Artikel 6 Wijze van heffing

  • 1.

    Het recht als bedoeld in artikel 5, lid 1 wordt geheven door middel van een genummerde kwitantienota.

  • 2.

    Het recht als bedoeld in artikel 5, lid 2 wordt geheven door middel van een gedagtekende acceptgiro.

Artikel 7 Ontstaan van de belastingschuld

Het recht is verschuldigd bij het begin van het heffingstijdvak of, zo dit later is, bij de aanvang van de belastingplicht.

Artikel 8 Termijnen van betaling

Het recht moet worden betaald:

  • 1.

    op het moment van uitreiking van de in artikel 6, eerste lid, bedoelde kwitantienota, aan de met de inning belaste ambtenaar;

  • 2.

    binnen twee weken na de dagtekening van de in artikel 6, tweede lid, bedoelde acceptgiro.

Artikel 9 Kwijtschelding

Er wordt voor het marktgeld geen kwijtschelding verleend.

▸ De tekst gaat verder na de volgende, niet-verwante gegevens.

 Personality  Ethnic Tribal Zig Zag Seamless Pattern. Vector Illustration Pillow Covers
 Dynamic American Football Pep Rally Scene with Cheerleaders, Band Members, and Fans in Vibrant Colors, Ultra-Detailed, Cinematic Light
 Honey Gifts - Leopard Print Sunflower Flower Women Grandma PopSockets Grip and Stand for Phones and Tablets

Artikel 10 Nadere regels door het college van burgemeester en wethouders

Het college van burgemeester en wethouders kan nadere regels geven met betrekking tot de heffing en de invordering van het marktgeld.

Artikel 11 Overgangsrecht

De ‘Verordening op de heffing en invordering van marktgelden 2017’ van 14 december 2017 wordt ingetrokken met ingang van de in artikel 12, tweede lid, genoemde datum van ingang van de heffing, met dien verstande dat zij van toepassing blijft op de belastbare feiten die zich voor die datum hebben voorgedaan.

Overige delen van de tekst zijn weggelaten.